Наверное, — думал Павел, обходя кажущийся мертвым ствол дуба, — тут дело в увядании. От них веет все приближающейся могилой, они черпают из молодых жизнь, как припадает жаждущий к роднику. Не даром считается, что когда старики живут вместе с молодыми, их жизнь гораздо дольше.
Наступив в незаметную в темноте грязную лужу, Павел промок. Вот и еще сюрприз! Домой дойду — придется отмываться! А то и джинсы придется отстирывать, небось, до колен заляпал!
— Отбегался! — Сказал внезапно кто-то, выступая из-за дерева прямо перед Павлом.
А потом что-то сухо треснуло, юношу словно гирей в грудь ударило и он упал навзничь, теряя сознание. Последнее, о чем он успел подумать, было: куртку тоже испачкаю…
Что-то неприятно потерлось о щеку, защипало, зачесалось в носу и Павел, подняв руку, остервенело принялся тереть лицо. Тяжело на пол спрыгнул кот.
Юноша приподнялся на локте и тут же схватился за грудь — ее пронзила острая боль. Впрочем, если не шевелиться, она мигом утихала.
Павел лежал на протертой до пружин, ни чем не покрытой тахте в комнате, где даже с книжных полок следили за ним внимательные, разноцветные, кажущиеся стеклянными глаза. Полтора десятка кошек, рассевшихся кто где, чувствовали себя здесь полноправными хозяевами. И им не нравился новый гость. Рыжие, черные и белые, двухцветные и в пятнах, в полоску и разводах, они переминались с лапы на лапу, шипели, помуркивали, вперив в чужака пристальные взгляды. В нос бил жуткий, стойкий запах кошачьей мочи. На всей мебели, на всех поверхностях лежали клочья выпавшей разноцветной шерсти.

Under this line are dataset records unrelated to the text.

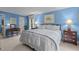 Bright bedroom with blue walls, a queen-sized bed, and matching nightstands at 3919 Wentworth Dr, Durham, NC 27707
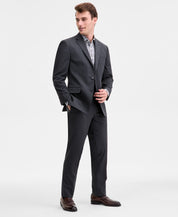 Izod Mens Modern fit 2 Piece Suit 42 R / 36 Waist Charcoal Grey Solid Stretch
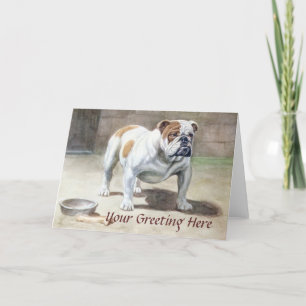 Cartão De Agradecimento Bulldog Vintage Greeting Card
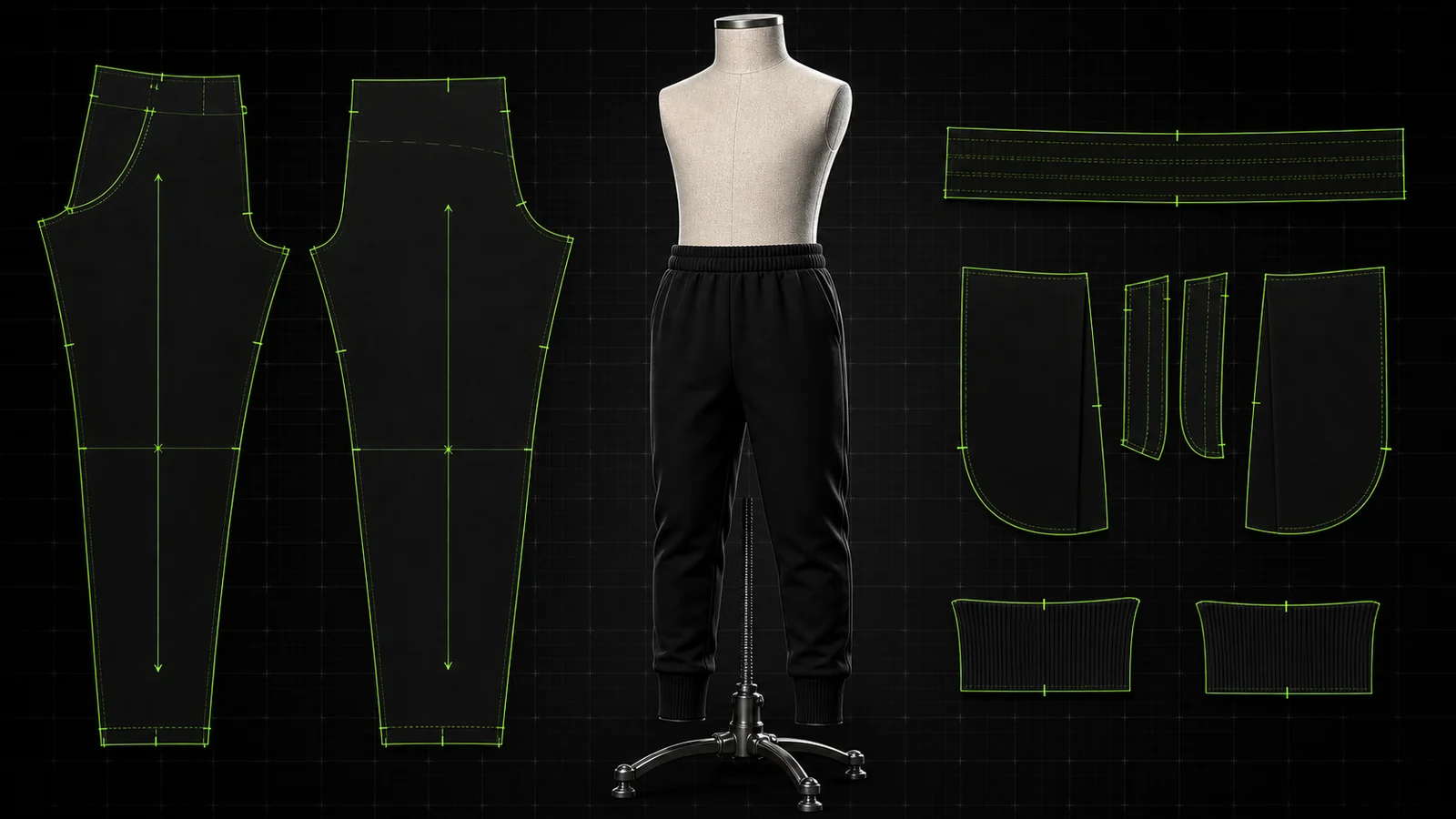 Manekin jahit berproporsi anak memakai celana training jogger hitam bersama pola 2D depan-belakang, ban pinggang elastis, saku, taper kaki, rib cuff, grainline, seam line, dan notch hijau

— Зачем ты его сюда принесла, ба? — донесся из коридора возмущенный звонкий голос. — Его в больницу надо!
— Не надо, в порядке с ним все, с нехристем этим. А еще крещеный, постыдился бы крест на груди таскать. Бабке на булку пожалел, вот народ пошел бесчувственный!

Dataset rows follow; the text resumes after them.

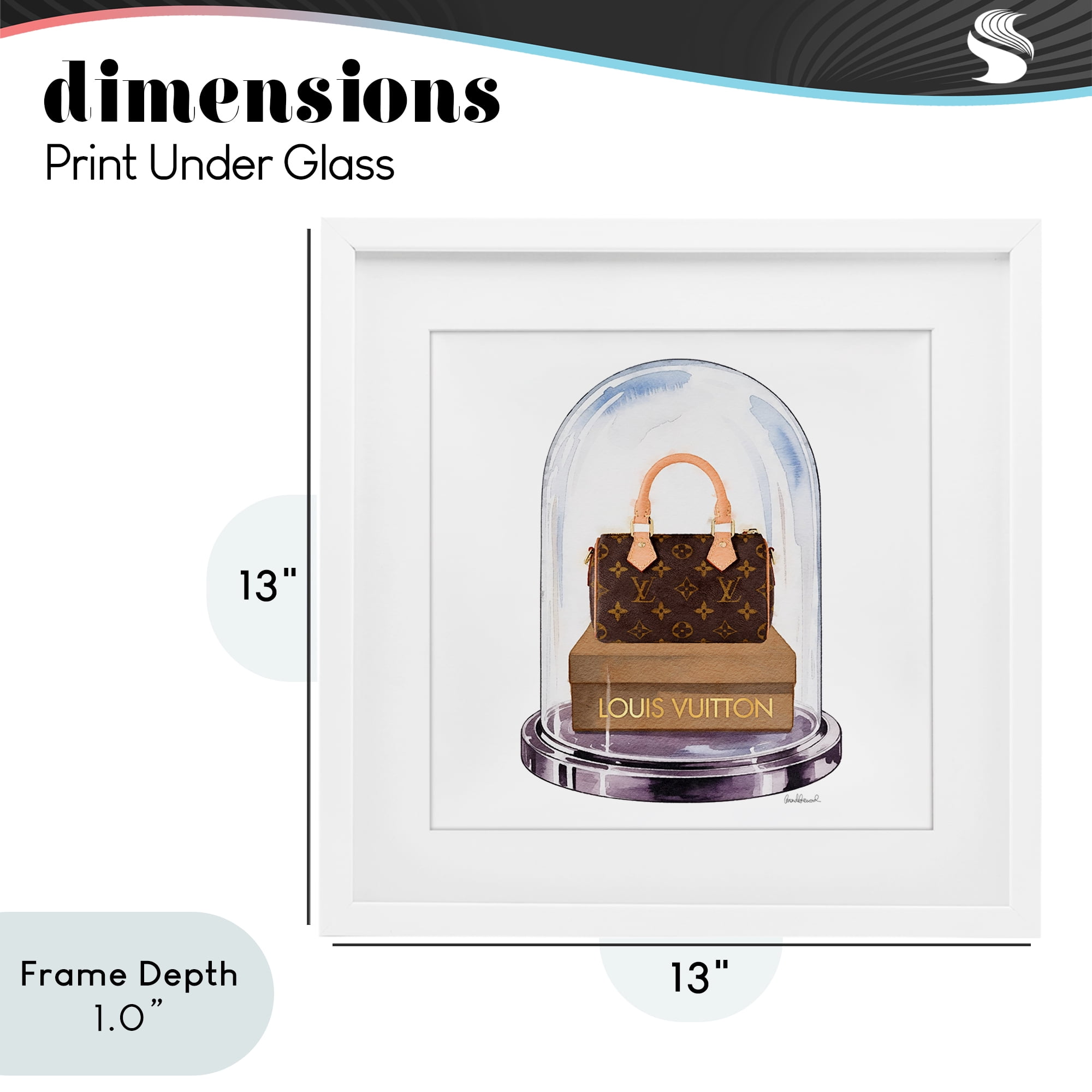 Stupell Industries Glam Purse Bell Jar White Framed Print Under Glass, design by Amanda Greenwood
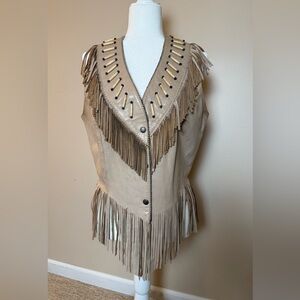 TRIBE AMERICA native leather vest -beaded fringe- size 12 worn 2 times!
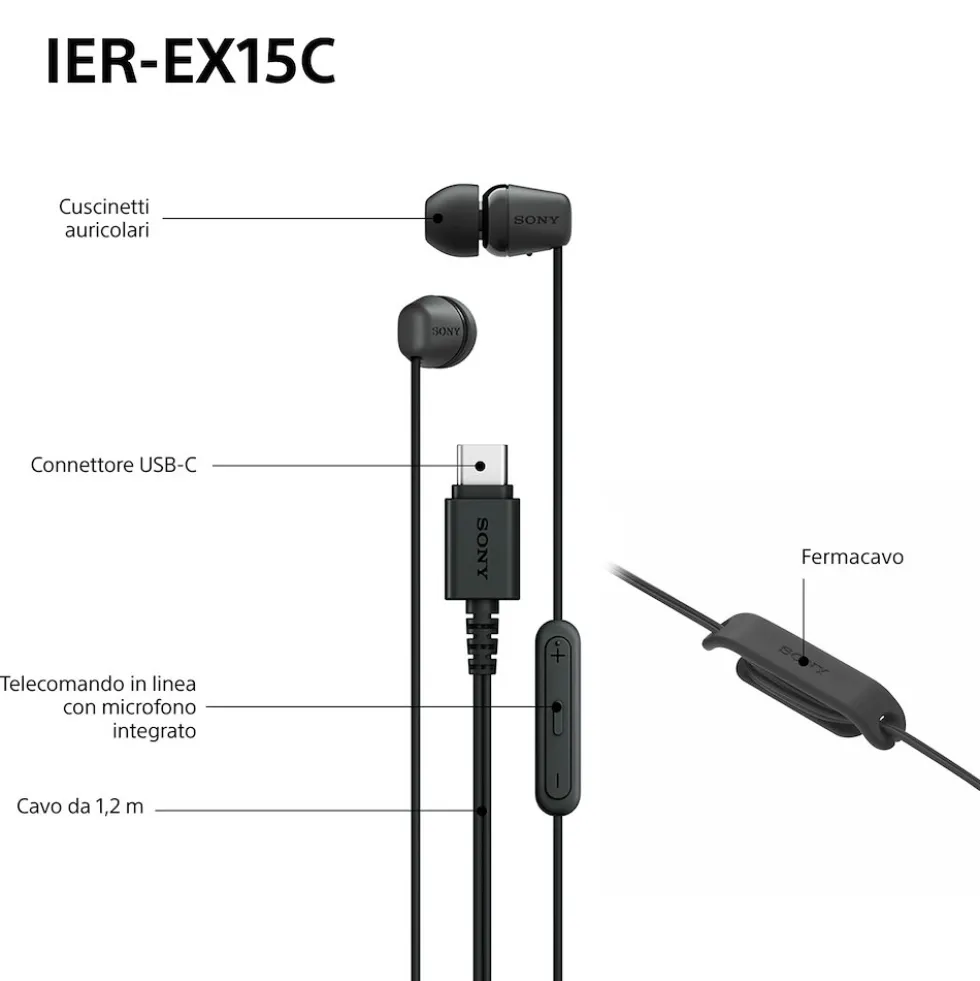Auricolari Sony IEREX15CP.CE7 in-ear con microfono USB-C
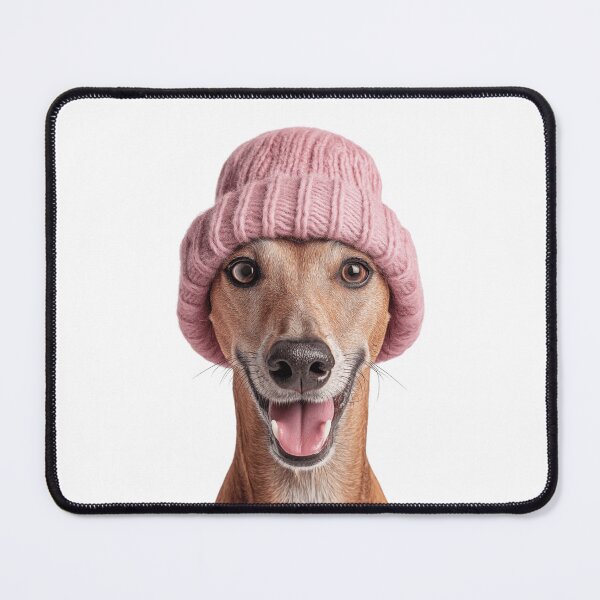 Item preview, Cozy Azawakh dog Wearing Pink Winter Hat Trendy Animal Fashion Artwork designed and sold by LazyOwlStore.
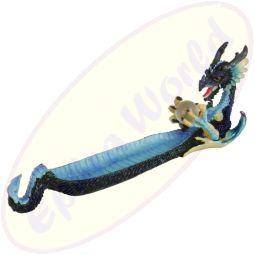 Drache Räucherstäbchenhalter blau mit Glaskugel, Polyresin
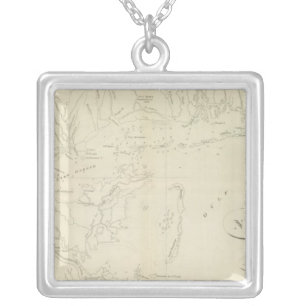 Map of New Orleans Silver Plated Necklace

— Я же тебе принесла, ба, целый торт! Что, мало?
— Тебе то спасибо, внученька, только ты обо мне заботишься и не боишься меня! Вот, послушай-ка сказку. А то чем еще старуха тебя отблагодарить может? А ты чаю сделай, с тортом твоим вкусно будет…
О, да это же та самая карга из парка, — догадался Павел и принялся шарить рукой под курткой, в которой на уровне сердца была аккуратная дырка. Под одеждой на коже оказалась круглая ссадина с запекшейся кровью и большой, разлившийся по коже синяк. Растеряно оглядевшись, Павел увидел лежащий на краю стола портсигар с развороченным, словно вырезанным тупым консервным ножом центром. Над портсигаром навис здоровенный серый кот с круглыми желтыми глазами. Он нахохлился и походил на большую плюшевую подушку, раздувшуюся от паралона.

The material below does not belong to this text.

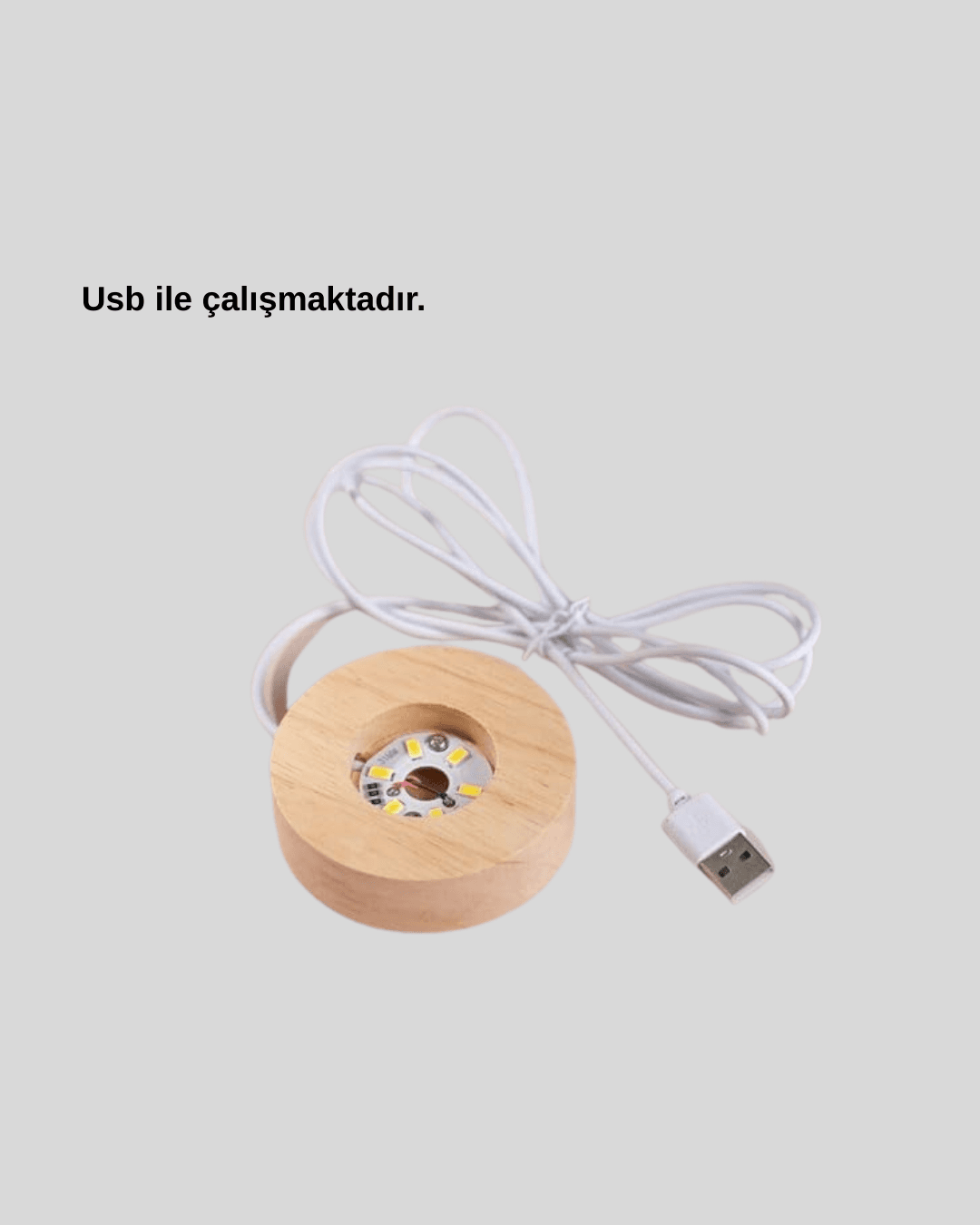 Dekoratif LED Kristal Küre Ahşap Altlıklı Şık Gece Lambası 3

Вот тебе и фортуна, — ошалело подумал Павел, не заметив, как губы сами собой растянулись в дурацкую улыбку. — Ну и дела! Меня пытались застрелить. Пуля насквозь пробила железный портсигар, но кожу поранила лишь слегка. Скорости не хватило! Пусть только кто-нибудь теперь расскажет мне о вреде курения, зубы выбью!
А старуха на кухне тем временем принялась бубнить, и Павел волей неволей прислушался к ее словам.
— Где-то в дивном лесу, полном земляники и заячьей капусты, среди высоких папоротников солнечным днем под звон ручья и пение птиц, в уютной норке под замшелым корнем векового дуба появились на свет два зайчонка. Братик и сестричка. Ушко и Лапка. Мама-зайчиха назвала так своих детей потому, что у братика было черное ушко, а у сестрички — черная лапка.
«Мы — особенные! — прыгая по кочкам и греясь в приветливых солнечных пятнах, кричали зайчата. — Таких как мы больше нет. Все зайцы серые-серые, а зимой будут белые. Все такие похожие друг на друга, но обычные. А мы — другие! У моей сестренки черная лапка. У моего братика черное ушко!».
Жили они беззаботно, резвились, ели заячью капусту, росли. И вот однажды, сбежав от матери, попрыгали на дальнюю поляну за земляникой. Сорока-балаболка насвистела зайчатам, что на опушках, пригретая ласковым солнцем, налилась сама крупная земляника.
Прыг-скок, вот и опушка. Дальше поля, без края, без начала, с колыхающимися пряными травами. Застыли зайчата, никогда они не видели русских просторов.
«Вон ягодка», — вскричала Лапка и из лесу выскочила. А Ушко стоит — не решается. Вдруг вспомнился ему Ворон, который хрипло кричал им в след:
«Куда бежите, малыши, будет беда! Идет беда!»
Знал Ушко, что ворон стар и уже давно порос мхом. Никто ворону не верил, он вечно говорил кажущиеся другим глупыми вещи. Но страшно стало вдруг зайчонку.
А Лапка уже во всю кушает сочные, набухшие ягодки и хихикает над трусоватостью брата. Ушко не выдержал, побежал следом, но тут увидел на опушке еще одного зайчонка.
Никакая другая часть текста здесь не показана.